That's a pretty good idea. In my duramax I have a DP gauge, EGT and boost. I was thinking about running the H&S solely for it's clean good tunes and monitoring capabilities. However I figure I'd probably have to run a regular DP gauge since that's something most OBD readers don't monitor. Thanks a ton for the help. Anything I've forgot? Also any idea what kind of lift/leveling kit I'd need for 35s? What about 37s?
 
If you are using stock rims, you can fit 35's without a leveling kit. My bro actually ran 37's on his bone stock 2008 3500. They rubbed the control arms.
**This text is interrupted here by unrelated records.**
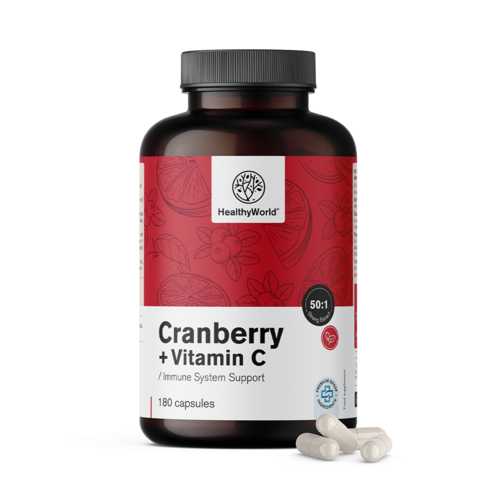 Ekstrakt brusnice s vitaminom C, 180 kapsula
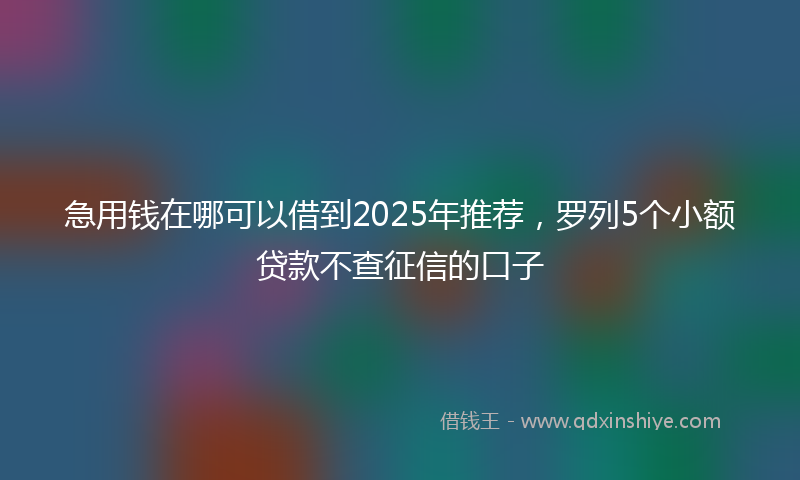 急用钱在哪可以借到2025年推荐，罗列5个小额贷款不查征信的口子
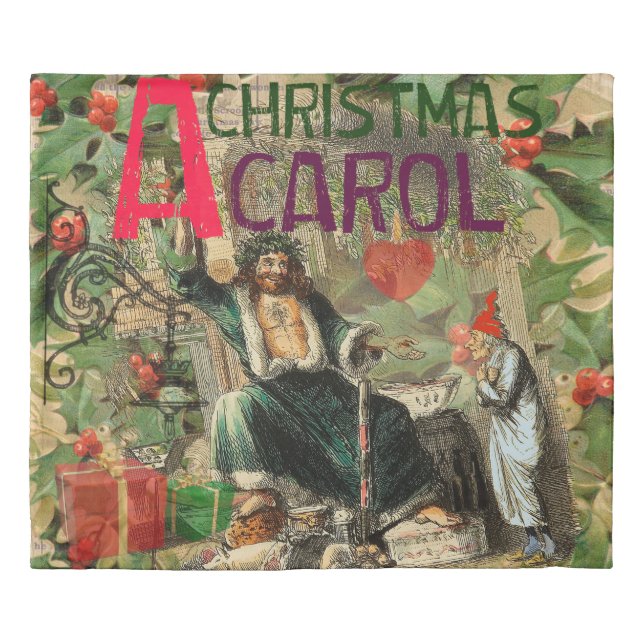 Ghost of Christmas Present Illustration Scrooge Duvet Cover (Front)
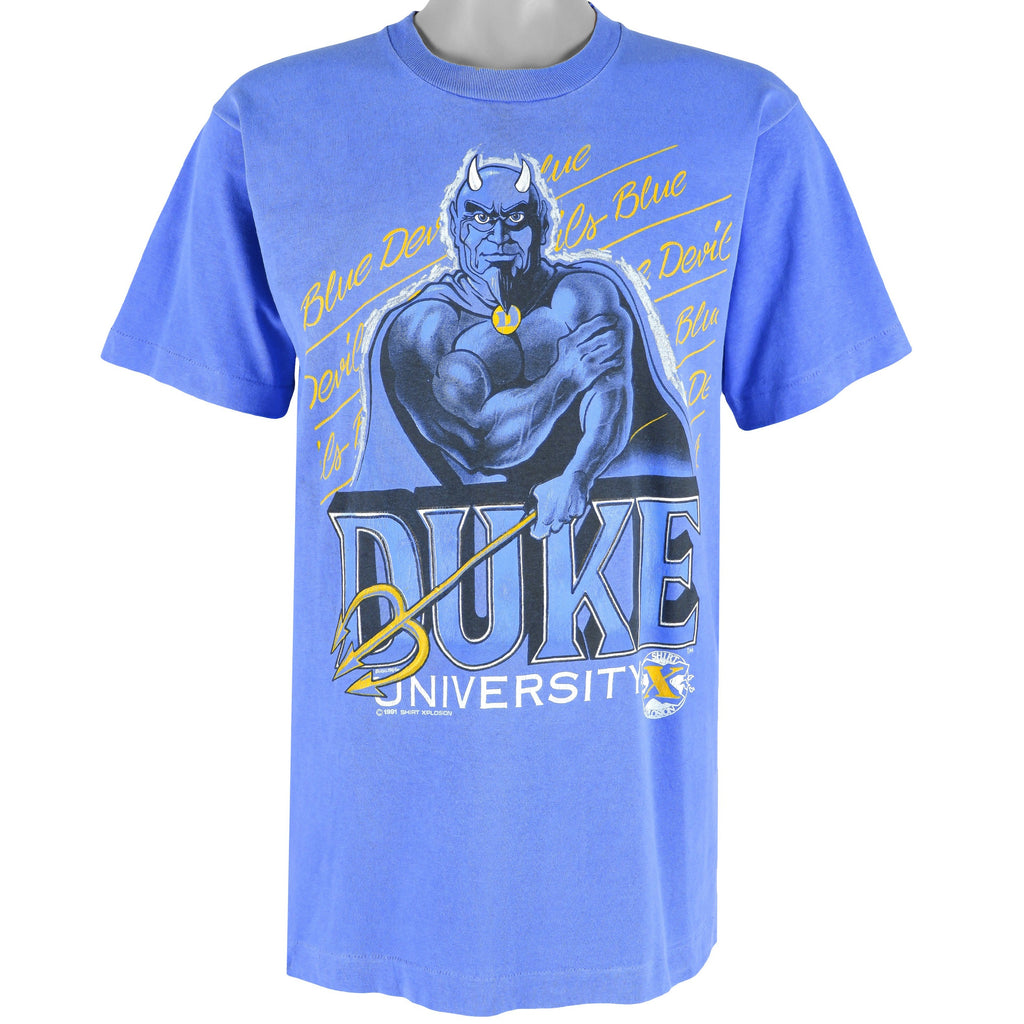 NCAA (Shirt Xplosion) - Duke University Blue Devils Big Logo T-Shirt 1991 Large Vintage Retro College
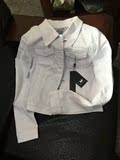 欧洲站白色牛仔外套 2016夏女 七分袖长袖纯白色 牛仔短款上衣潮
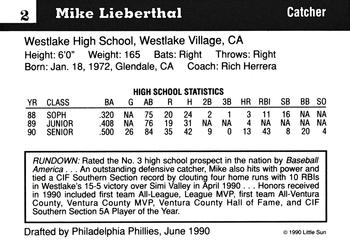 1990 Little Sun High School Prospects #2 Mike Lieberthal Back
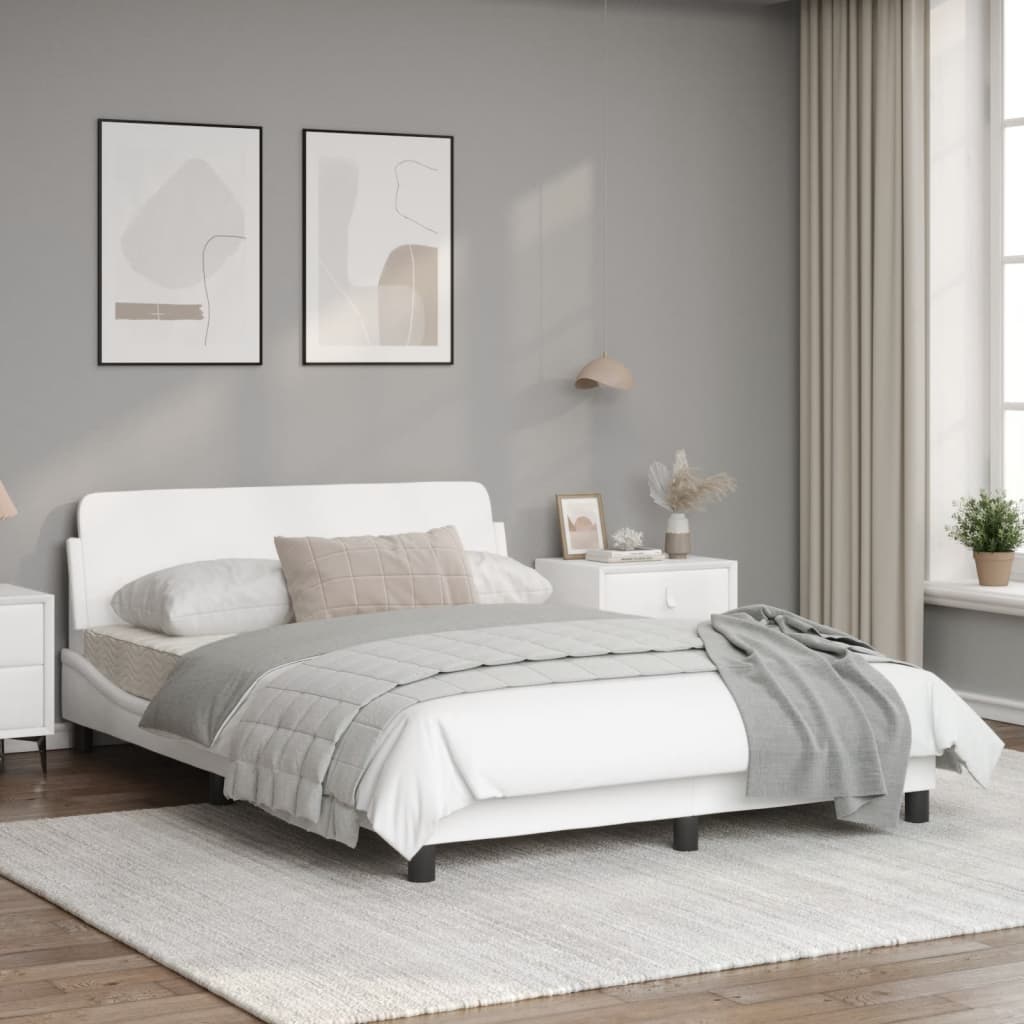 vidaXL Estructura de cama sin colchón cuero sintético blanco 120x200cm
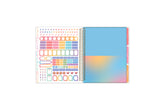 colorful sticker sheet, storage pocket, colorful monthly tabs 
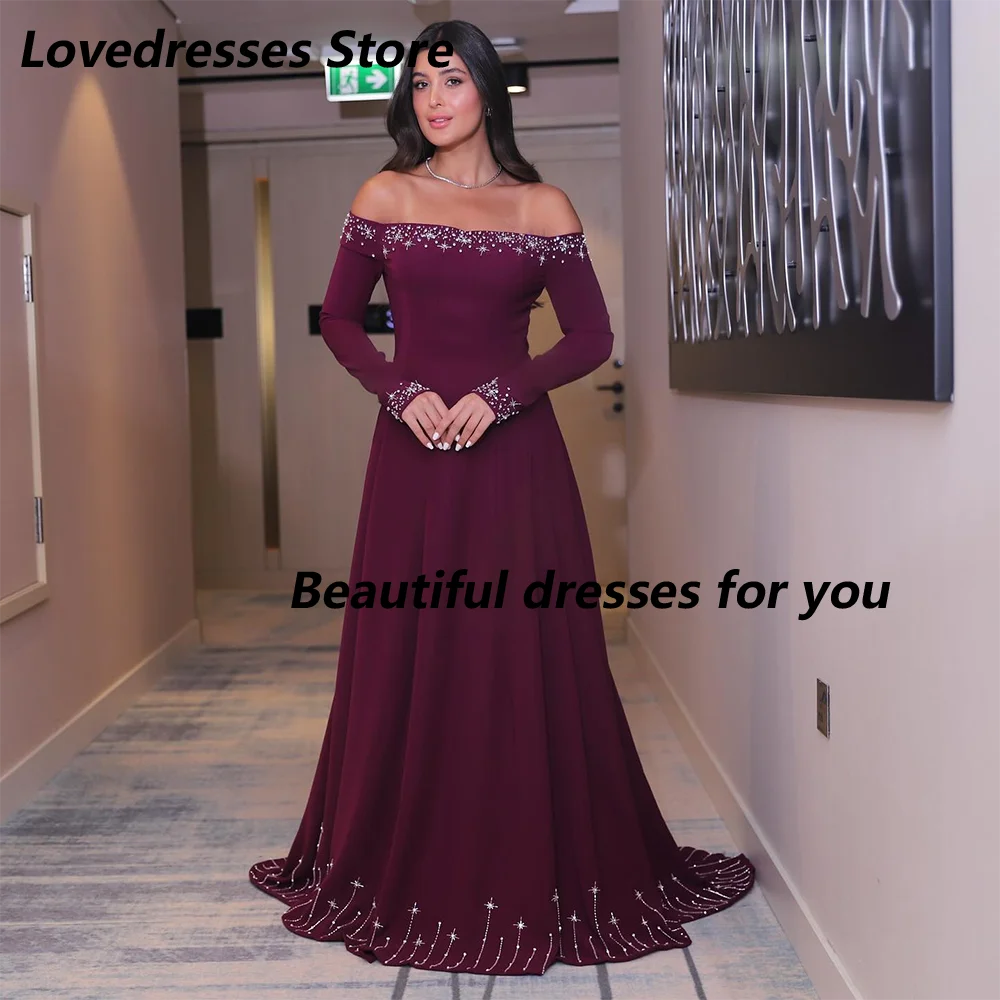 Women Evening Dress Customized Off Shoulder Boat Neck Beading Floor Length A Line Saudi Arabic Prom Dresses Formal Occasion Gown
Women Evening Dress Customized Off Shoulder Boat Neck Beading Floor Length A Line Saudi Arabic Prom Dresses Formal Occasion Gown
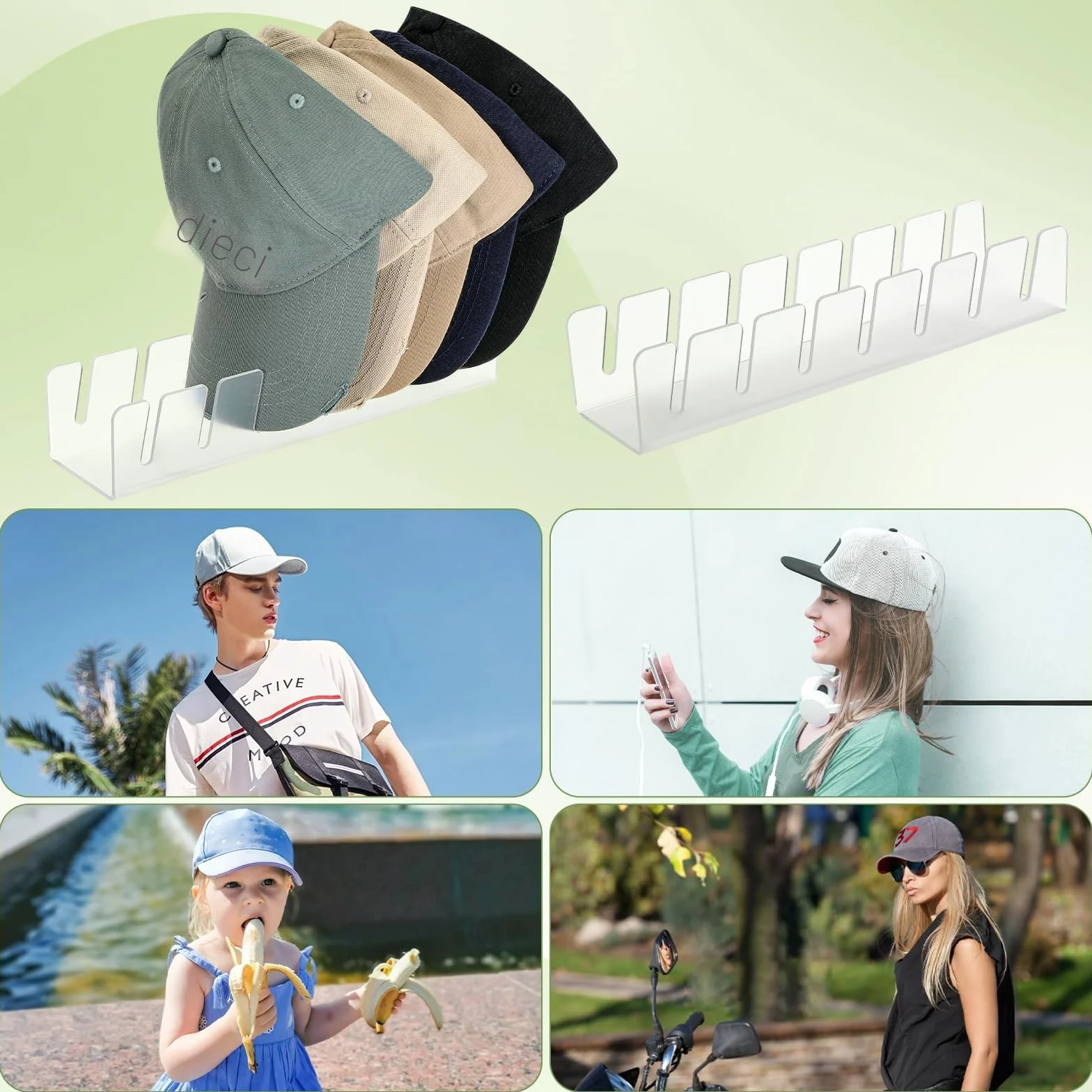 Kasanni 2 pezzi porta cappelli Acrilico organizer per cappelli da baseball da armadio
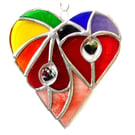 Heart of Hearts Rainbow Suncatcher Stained Glass 064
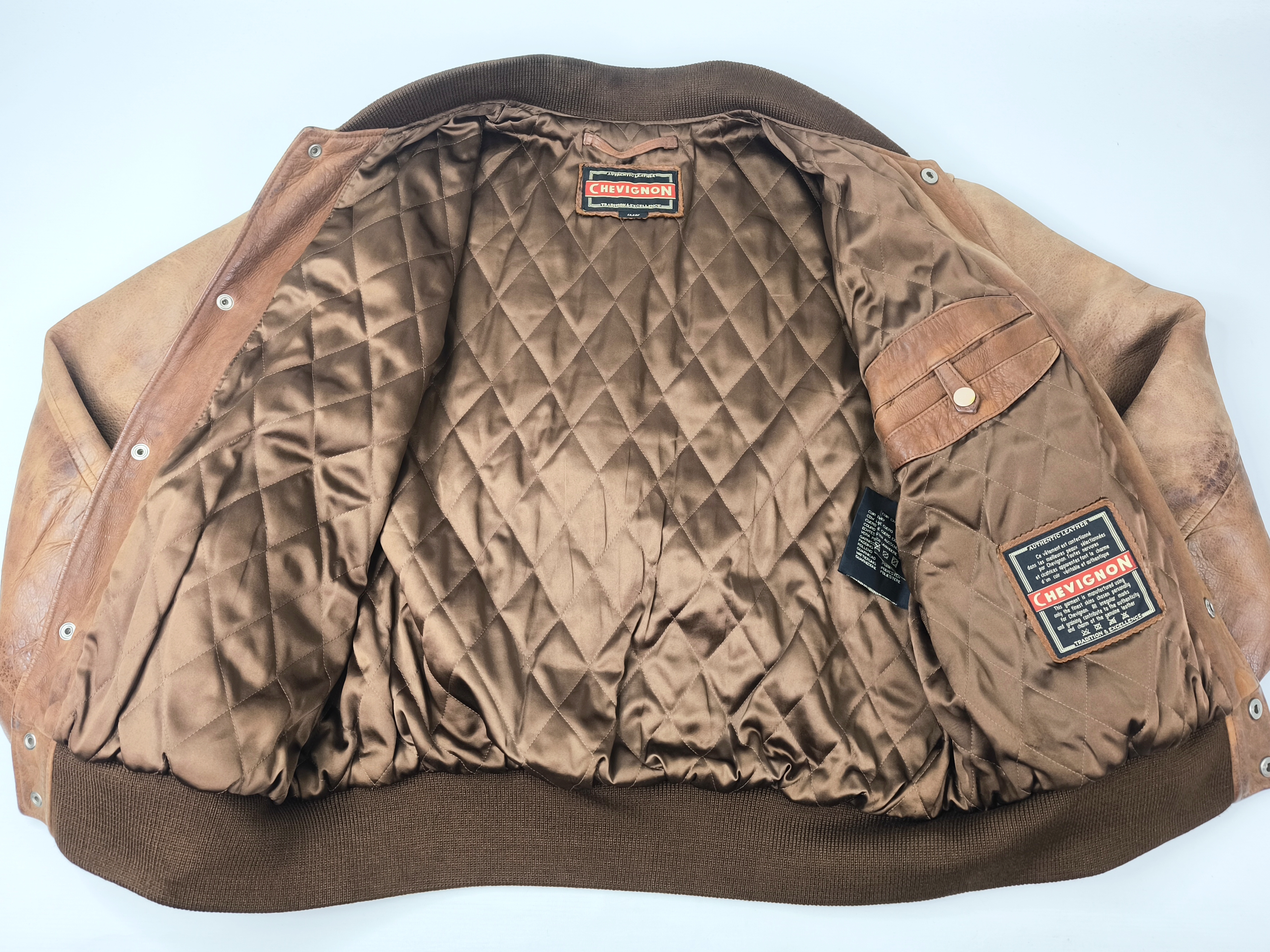 Chevignon Lederjacke braun Gr. L (M) vintage 90s großes Rückenlogo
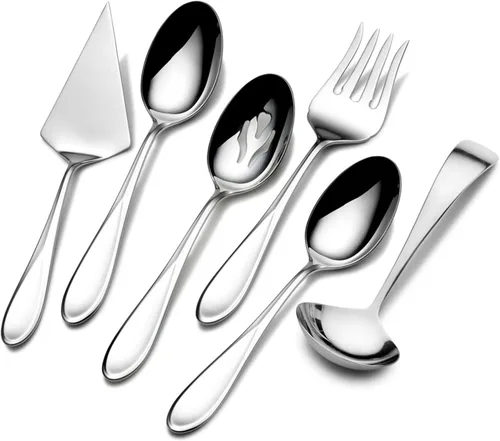 Miniatura 2 de Mikasa Bravo - Juego de 6 piezas de acero inoxidable 18/10, cucharas de servir, tenedor, servidor de tartas, cucharón de salsa, cubiertos pulidos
But If you are going to run aftermarket rims, then depending on the offset, you may have to get a level kit to fit 35's
 
I'd wait to buy the truck until efi live for the 6.7 becomes reality.
 
I have a stock 6.7, and I am waiting on the efi live for sure. Keep your eyes open I found mine for a decent deal and I have been really happy with it stock, cant wait to tune it and see what it has.
 
I'd wait to buy the truck until efi live for the 6.7 becomes reality.

they have started reading the ecms, as of now, not sure if the flashing process has started yet though, and this was a couple weeks ago, i was going to use my truck for one of the efi live beta testers but he is 2 hours away.